Nationality and Borders Act: UK Citizenship for Chagossians explained
The Chagossian amendment to the Nationality and Borders Act will provide a pathway to British Overseas Territories Citizenship and British Citizenship for all people of Chagossian Descent. The application process will start towards the end of 2022.
What you will need:
- Proof of Your Chagossian ancestry
- Proof of your identity and address
The application process:
- The application process will be free of charge
- You should apply from where you live: you do not need to travel to the UK
- You will apply for BOT citizenship and British Citizenship at the same time
- You may need to wait for weeks or months for the application to be processed
Citizenship Ceremony: Once your citizenship has been granted you will need to attend a citizenship ceremony.
Passport: Once you have been granted UK Citizenship you will need to apply for UK Passport.

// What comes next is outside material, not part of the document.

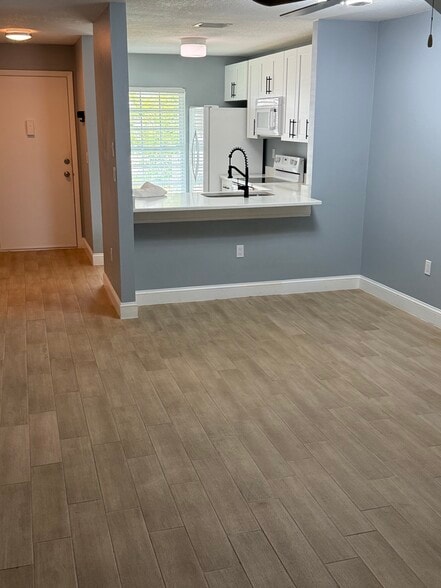 Building Photo - 2852 Stillwell Ct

Spouses: Spouses who are not of Chagossian descent will need to apply for the relevant visa and pass the appropriate tests. Please visit https://www.citizensadvice.org.uk/immigration/getting-a-visa-for-your-partner-to-live-in-the-uk for more information.

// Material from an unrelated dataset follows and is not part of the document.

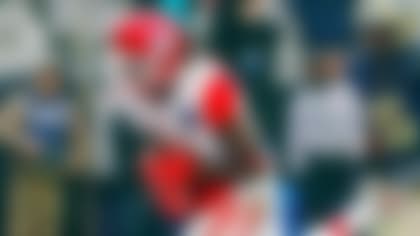 CFB-Deontay-Greenberry-TOS-150102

Children not of Chagossian descent: If children in the family are for any reason not of Chagossian descent (adoption, remarriage) they are currently not entitled to UK citizenship and the usual formalities will need to be followed. More information is available at https://www.gov.uk/uk-family-visa.

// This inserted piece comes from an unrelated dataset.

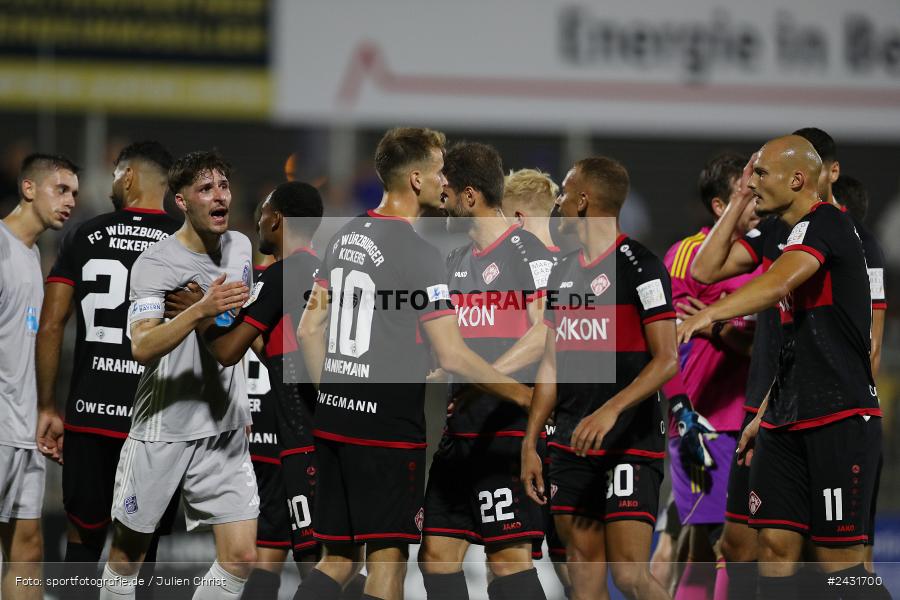 Stadion am Schönbusch, Aschaffenburg, 30.08.2024, sport, action, BFV, Fussball, 7. Spieltag, Regionalliga Bayern, FWK, SVA, FC Würzburger Kickers, SV Viktoria Aschaffenburg - Bild-ID: 2431700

Changes in the law effective from 28th June 2022
Although the application process for all people of Chagossian descent will not begin until later in the year, some changes come into force on 28th June 2022. Our contact at the Home Office tells us:
“𝘊𝘩𝘪𝘭𝘥𝘳𝘦𝘯 𝘰𝘧 𝘉𝘖𝘛𝘊 𝘱𝘢𝘳𝘦𝘯𝘵𝘴 𝘤𝘢𝘯 𝘳𝘦𝘨𝘪𝘴𝘵𝘦𝘳 𝘢𝘴 𝘣𝘰𝘵𝘩 𝘉𝘳𝘪𝘵𝘪𝘴𝘩 𝘖𝘷𝘦𝘳𝘴𝘦𝘢𝘴 𝘛𝘦𝘳𝘳𝘪𝘵𝘰𝘳𝘪𝘦𝘴 𝘤𝘪𝘵𝘪𝘻𝘦𝘯𝘴 𝘢𝘯𝘥 𝘉𝘳𝘪𝘵𝘪𝘴𝘩 𝘤𝘪𝘵𝘪𝘻𝘦𝘯𝘴 𝘶𝘯𝘥𝘦𝘳 𝘵𝘩𝘦 𝘱𝘳𝘰𝘷𝘪𝘴𝘪𝘰𝘯𝘴 𝘣𝘳𝘰𝘶𝘨𝘩𝘵 𝘪𝘯 𝘚𝘦𝘤𝘵𝘪𝘰𝘯 1 𝘢𝘯𝘥 2 𝘰𝘧 𝘵𝘩𝘦 𝘕𝘈𝘉𝘈 𝘵𝘩𝘢𝘵 𝘢𝘳𝘦 𝘤𝘰𝘮𝘮𝘦𝘯𝘤𝘪𝘯𝘨 𝘵𝘰𝘥𝘢𝘺…𝘛𝘩𝘰𝘴𝘦 𝘦𝘭𝘪𝘨𝘪𝘣𝘭𝘦 𝘸𝘪𝘭𝘭 𝘪𝘯𝘤𝘭𝘶𝘥𝘦 𝘵𝘩𝘦 𝘧𝘪𝘳𝘴𝘵 𝘨𝘦𝘯𝘦𝘳𝘢𝘵𝘪𝘰𝘯 𝘰𝘧 𝘊𝘩𝘢𝘨𝘰𝘴𝘴𝘪𝘢𝘯𝘴 𝘣𝘰𝘳𝘯 𝘰𝘶𝘵𝘴𝘪𝘥𝘦 𝘉𝘐𝘖𝘛 𝘸𝘩𝘰 𝘮𝘪𝘴𝘴𝘦𝘥 𝘰𝘶𝘵 𝘰𝘯 𝘢𝘶𝘵𝘰𝘮𝘢𝘵𝘪𝘤𝘢𝘭𝘭𝘺 𝘢𝘤𝘲𝘶𝘪𝘳𝘪𝘯𝘨 𝘉𝘳𝘪𝘵𝘪𝘴𝘩 𝘯𝘢𝘵𝘪𝘰𝘯𝘢𝘭𝘪𝘵𝘺 𝘦𝘪𝘵𝘩𝘦𝘳 𝘥𝘶𝘦 𝘵𝘰 𝘵𝘩𝘦𝘪𝘳 𝘮𝘰𝘵𝘩𝘦𝘳𝘴 (𝘣𝘦𝘧𝘰𝘳𝘦 1 𝘑𝘢𝘯𝘶𝘢𝘳𝘺 1983) 𝘰𝘳 𝘵𝘩𝘦𝘪𝘳 𝘶𝘯𝘮𝘢𝘳𝘳𝘪𝘦𝘥 𝘧𝘢𝘵𝘩𝘦𝘳𝘴 (𝘣𝘦𝘧𝘰𝘳𝘦 1 𝘑𝘶𝘭𝘺 2006) 𝘣𝘦𝘪𝘯𝘨 𝘶𝘯𝘢𝘣𝘭𝘦 𝘵𝘰 𝘱𝘢𝘴𝘴 𝘰𝘯 𝘵𝘩𝘦𝘪𝘳 𝘉𝘳𝘪𝘵𝘪𝘴𝘩 𝘯𝘢𝘵𝘪𝘰𝘯𝘢𝘭𝘪𝘵𝘺 𝘣𝘺 𝘥𝘦𝘴𝘤𝘦𝘯𝘵 𝘢𝘵 𝘵𝘩𝘦 𝘵𝘪𝘮𝘦 𝘰𝘧 𝘵𝘩𝘦𝘪𝘳 𝘣𝘪𝘳𝘵𝘩.”